### AIM OF THE EXERCISE
Only the lines from the one that contains "Xiaomi Mi robot vacuum - 2" through the last line of the data below should be duplicated, exactly and without pictures.

### THE DATA
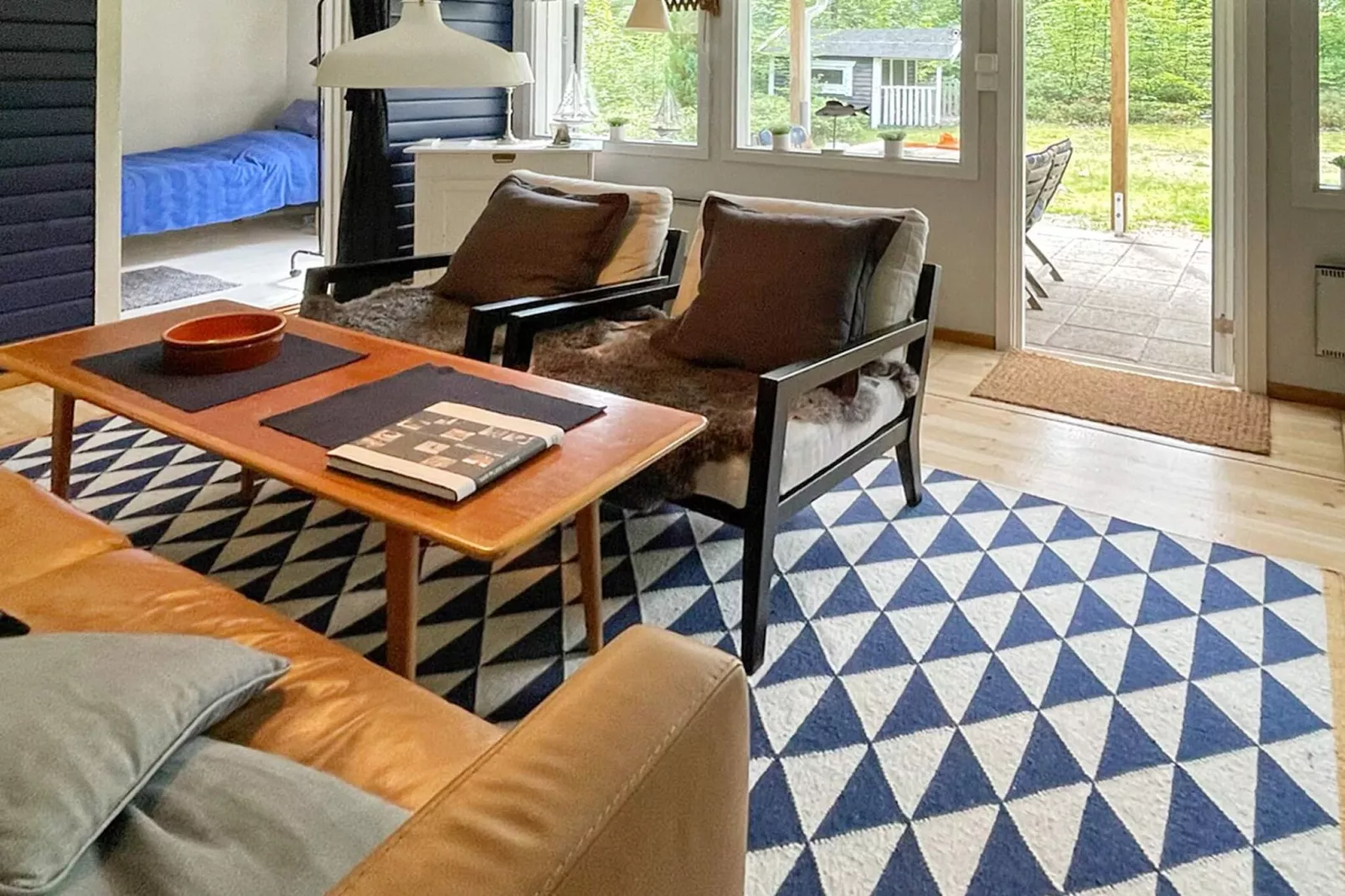 Maison de vacances pour 4 a HÄSTVEDA-By Traum-Intérieur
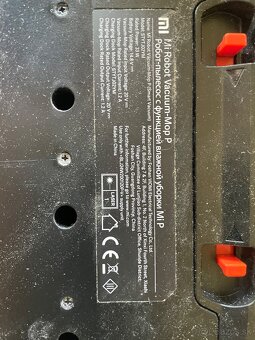 Xiaomi Mi robot vacuum - 2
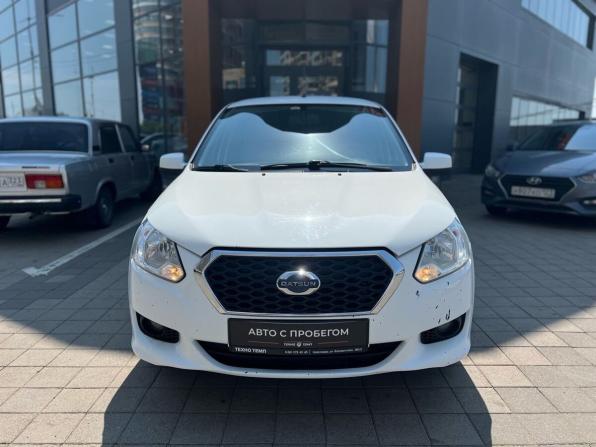 Datsun on-DO I с пробегом 2018 года, цена 540 000 рублей, 153000 км, седан, Автокод Объявления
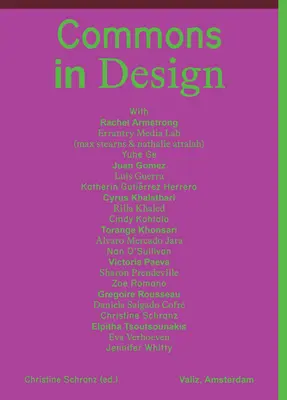 Comunități în design - Commons in Design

### WORKED SOLUTION
 Xiaomi Mi robot vacuum - 2
 Datsun on-DO I с пробегом 2018 года, цена 540 000 рублей, 153000 км, седан, Автокод Объявления
 Comunități în design - Commons in Design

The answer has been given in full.